Since 1945, Steyn tells us, a multiplicity of government interventions - state pensions, subsidised higher education, higher taxes to pay for everything - has so ruptured traditional patterns of inter-generational solidarity that in Europe a child is now an optional lifestyle accessory. Thus, he notes, by 2050, Estonia's population will have fallen by 52 percent, Bulgaria's by 36 percent, Italy's by 22 percent.
This is the political issue that will determine all the others, he concludes, with the payoff line: "it's the demography, stupid."
Avowed fans that we are of Steyn, we would hesitate entirely to disagree with the man, and he is far from the first to draw attention to the growing demographic crisis that is increasingly pre-occupying planners.

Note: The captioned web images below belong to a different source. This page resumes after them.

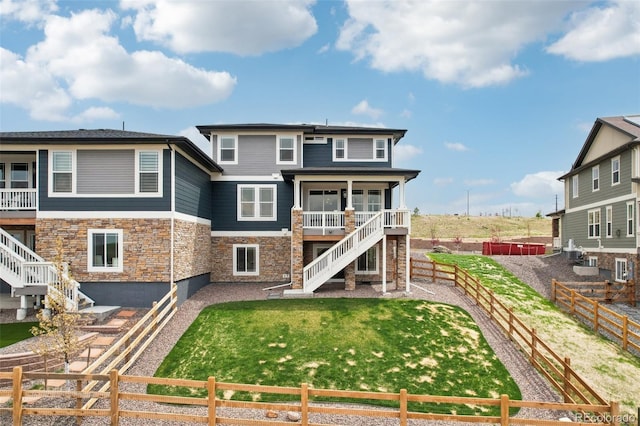 back of property featuring stairs, a fenced backyard, a lawn, and stone siding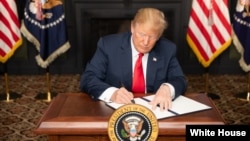 Le président Donald J. Trump signe une ordonnance sur les sanctions contre l'Iran, le 5 août 2018. 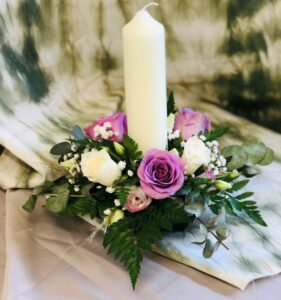 A flower wreath of purple flowers sits around a white candle on a table.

However, in the context that people are living longer and are more healthy, and where there are a wider variety of productive tasks that do not impose strenuous physical burdens, it seems a little simplistic to argue that the problems confronting the West are entirely due to a lack of babies.
Surely, another crucial factor is the setting of the current retirement age at 65 – and age set in 1889 by Bismarck at a time when only a very small proportion of the population was expected to live beyond that age.
And it is not only the question of people retiring at that age. This is taken as a "benchmark" with considerable numbers taking early retirement – some in their fifties – when they almost certainly have years of productive life ahead of them.
In an age when "modernisation" seems to be the watch-word, and almost everything seems to be open to change – sometimes just for the sake of it - it does seem odd that an age limit set by a German chancellor at the end of the last Century but one is taken as sacrosanct.
With the "social model" so firmly entrenched in the psyche of European leaders, however, it would be a brave politician who dared suggest that a population that has enjoyed unprecedented health in a stable political world should pay for that privilege by working for that bit longer in order to avoid burdening successive generations with unmanageable debt.
Not least, an economy which was not struggling to fund an ever-increasing pension liability could afford to invest in families and babies, putting tax incentives in the way of married couples and children, at least to ensure that the cost of furnishing the nation with a new generation is more equitably spread.
But that would be too much to hope for. The Western political sclerosis, typified by the dirigiste European Union, does not allow for innovation or imagination. Instead, we are locked in the past, bound by the ghost of Bismarck.